Stranded In Stereo: Love in the Time of Mashups

Wednesday, June 3, 2009

Love in the Time of Mashups



Music is as diverse in form, power and dynamics as the ocean itself. Like the ocean, music can be calm and powerful, beautiful or violent; it can bring pain or health, it can isolate and it can communicate on a level that reaches far beyond language, symbols and time. DJs are the captains that navigate the uncharted oceans of music that connect our world. Like the seafaring captain, the DJ, turntablists and party rockers risk life and limb, career and reputation to control and navigate through the often hostile, unpredictable and uncharted landscapes of audience and technology all in an effort to make people move and transcend.

So why risk it all in an already unstable world? The answer, quite plainly, is love: Love of music, love of adventure, love of life. Many a musical mariner has run aground in pursuit of sirens like fame, glory and money. Long after the remains of these novices have sunk to the depths, it is the pirates and the captains who will sail on. Why? Because love was and remains the purpose of their quest and DJing is most definitely a lifelong quest of love.

It is getting harder and harder in 2008 to keep your love for the sea. Celebrity DJs and mash-up cracks pollute the waters. Technology is replacing skill. Emotion is automated. What you are about to read is a first person account of the sea life, the DJ life, from a young man with the heart of an old salt.

This is Love In the Time of Mashups.



11/02/08

A random first entry. It’s 12:41am on technically Sunday morning.

I have to DJ for another hour and 45 minutes. My partner in crime for these select evenings at the Golden Bear bar is DJ Riff Raff; as a duo we are called Jive as Fuck and I feel we completely represent the double-sided nature of this name. Riff’s mixer had a malfunction earlier in the night so we were an hour late starting: this is jive as fuck. I totally didn’t care; it’s the night after Halloween and its dead.
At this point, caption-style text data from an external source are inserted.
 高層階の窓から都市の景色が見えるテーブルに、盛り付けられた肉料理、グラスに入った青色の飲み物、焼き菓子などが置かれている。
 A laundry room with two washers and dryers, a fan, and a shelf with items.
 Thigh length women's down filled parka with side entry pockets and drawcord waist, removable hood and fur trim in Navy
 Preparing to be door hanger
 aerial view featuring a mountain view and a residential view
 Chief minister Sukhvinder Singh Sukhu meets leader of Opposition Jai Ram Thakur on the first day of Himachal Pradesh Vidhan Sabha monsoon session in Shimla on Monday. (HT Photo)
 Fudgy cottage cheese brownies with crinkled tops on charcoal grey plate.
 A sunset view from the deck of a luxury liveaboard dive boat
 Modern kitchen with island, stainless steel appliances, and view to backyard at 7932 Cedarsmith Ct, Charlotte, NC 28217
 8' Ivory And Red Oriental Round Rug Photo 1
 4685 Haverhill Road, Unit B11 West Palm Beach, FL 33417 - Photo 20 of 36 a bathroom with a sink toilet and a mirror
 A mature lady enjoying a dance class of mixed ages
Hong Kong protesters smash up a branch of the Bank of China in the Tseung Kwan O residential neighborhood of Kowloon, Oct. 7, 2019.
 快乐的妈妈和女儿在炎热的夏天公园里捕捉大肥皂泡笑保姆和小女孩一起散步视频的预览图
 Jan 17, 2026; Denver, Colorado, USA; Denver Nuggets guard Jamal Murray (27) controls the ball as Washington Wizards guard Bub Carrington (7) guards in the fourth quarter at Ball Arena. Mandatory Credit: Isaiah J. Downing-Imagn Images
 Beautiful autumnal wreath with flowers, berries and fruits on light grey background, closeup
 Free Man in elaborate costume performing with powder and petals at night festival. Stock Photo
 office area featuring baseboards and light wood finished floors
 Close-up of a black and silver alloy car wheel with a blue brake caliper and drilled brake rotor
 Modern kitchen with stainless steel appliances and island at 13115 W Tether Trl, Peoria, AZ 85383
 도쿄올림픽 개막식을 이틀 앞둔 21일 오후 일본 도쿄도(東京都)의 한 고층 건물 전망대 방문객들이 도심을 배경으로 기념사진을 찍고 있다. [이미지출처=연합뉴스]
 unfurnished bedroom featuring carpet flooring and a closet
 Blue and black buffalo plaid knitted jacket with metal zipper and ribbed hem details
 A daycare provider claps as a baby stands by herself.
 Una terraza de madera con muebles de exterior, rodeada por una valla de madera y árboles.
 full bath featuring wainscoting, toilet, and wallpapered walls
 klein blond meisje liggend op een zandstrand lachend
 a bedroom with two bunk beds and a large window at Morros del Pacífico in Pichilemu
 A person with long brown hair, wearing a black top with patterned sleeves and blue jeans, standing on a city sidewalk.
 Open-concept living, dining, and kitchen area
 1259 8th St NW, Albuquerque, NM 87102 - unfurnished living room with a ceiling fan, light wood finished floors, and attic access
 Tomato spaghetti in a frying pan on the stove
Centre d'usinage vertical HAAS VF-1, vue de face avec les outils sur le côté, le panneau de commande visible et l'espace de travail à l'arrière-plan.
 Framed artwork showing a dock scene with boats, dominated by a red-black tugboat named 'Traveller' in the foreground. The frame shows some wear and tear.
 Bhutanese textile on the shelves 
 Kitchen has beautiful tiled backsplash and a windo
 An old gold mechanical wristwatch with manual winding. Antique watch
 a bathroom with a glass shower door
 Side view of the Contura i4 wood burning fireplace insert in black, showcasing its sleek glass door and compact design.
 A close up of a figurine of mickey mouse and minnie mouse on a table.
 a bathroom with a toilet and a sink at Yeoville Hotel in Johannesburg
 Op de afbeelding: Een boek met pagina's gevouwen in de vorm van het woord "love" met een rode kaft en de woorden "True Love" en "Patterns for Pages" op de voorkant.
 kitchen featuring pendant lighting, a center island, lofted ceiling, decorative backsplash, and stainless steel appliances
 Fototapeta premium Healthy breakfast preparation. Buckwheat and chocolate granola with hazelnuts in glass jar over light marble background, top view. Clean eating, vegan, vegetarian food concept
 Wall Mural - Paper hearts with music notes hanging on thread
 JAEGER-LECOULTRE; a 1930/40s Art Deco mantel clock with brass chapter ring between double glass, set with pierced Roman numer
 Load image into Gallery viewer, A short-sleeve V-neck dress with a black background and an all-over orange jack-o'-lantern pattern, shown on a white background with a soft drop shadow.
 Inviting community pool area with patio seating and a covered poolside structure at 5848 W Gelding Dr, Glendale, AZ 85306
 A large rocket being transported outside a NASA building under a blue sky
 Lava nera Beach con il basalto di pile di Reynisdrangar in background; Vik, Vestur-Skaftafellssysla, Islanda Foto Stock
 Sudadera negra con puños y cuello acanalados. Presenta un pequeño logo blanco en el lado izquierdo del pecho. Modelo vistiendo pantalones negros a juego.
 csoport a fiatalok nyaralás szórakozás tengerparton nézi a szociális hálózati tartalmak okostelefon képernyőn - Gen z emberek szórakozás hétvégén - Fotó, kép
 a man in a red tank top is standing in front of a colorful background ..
All chodes, no rhythm and no open minds: It’s the worst possible scenario for a DJ like me. I just ordered a White Russian to kill some time. Boredom always gets me in the end. I always do the worst shit when I am bored.

So back to tonight’s venue sucking: tonight sucks.

I always try to imitate the example set by my favorite DJs: Built For Speed from San Francisco.



These two DJs, Fashion Hooker (Dee) and Platform Whore (Rachel), play only what they want, the will of the crowd be damned; these two are jive as fuck. They seem to be against the traditional role of the DJ as a crowd-pleaser. DJs are there to cater to the will of the mass at weddings, clubs, whatever. These two ladies completely dismiss that notion. I don’t know why they DJ then? To amuse themselves? Share music with unknowing masses? It’s definitely not the reason I started DJing: namely to please my high school peers and make a name for myself in the adolescent abyss of my teen years.

It worked, though. I made a name for myself: Rob Fatal. It got me recognized, but for what? Maybe I am idealizing their nature, but it seems as if Dee and Rachel don’t need DJing to exist. I myself often wonder who I’d be if I wasn’t DJ Rob Fatal? But then again, who would any of us be without the things we did? For example my professors, filmmakers, artists, friends who sell drugs, etc… The list goes on. People need to be known for something; to have their identity tied to something. Is that not the true nature of identity? DJing is not a bad thing to be known for. At least I’m not Rob the asshole or Rob the homophobe or Rob the burnout.

But who are any of us?



I look around this bar, at all these faces, and ask the same questions as countless people before me: who are any of us without our clothes, jobs, hair styles, drink orders and words.

I like DJing because it separates me from some of these sad fucks.

I have a purpose here; I mean something, have worth and standout in this collage of people.



But what good does that do when some chode I despise and seek to differ myself from heckles and gives me shit about the music I play?

It’s as if I’m a server in the food service industry: I try to hold power, but ultimately I serve this paying customer.



But not tonight. While getting heckled I start to play the most alienating music I can in an effort to get him, his Diesel Jeans, $700 leather shoes and striped collar shirt the fuck out of my venue: Eddie Cochran, Sam Sham and the Pharos, Nancy Sinatra, Brazillian baile funk and Ukraine gypsy punk; Anything to make him doubt his sexuality, nationality or privileged white male superiority.

I smile as he leaves in a rush, frustrated that he can’t sing along to songs in another language or at the thought that he is shaking his anus to the Scissor Sisters’ “Filthy Gorgeous”; a tune countless gay men he is terrified of have copulated to mercilessly.



I give a nod as he scowls on the way out.
You don’t fuck with the people who serve your food DO NOT FUCK with the people playing your music. Dee and Rachel I think would smile if they saw me tonight. Oops, time to get back to work.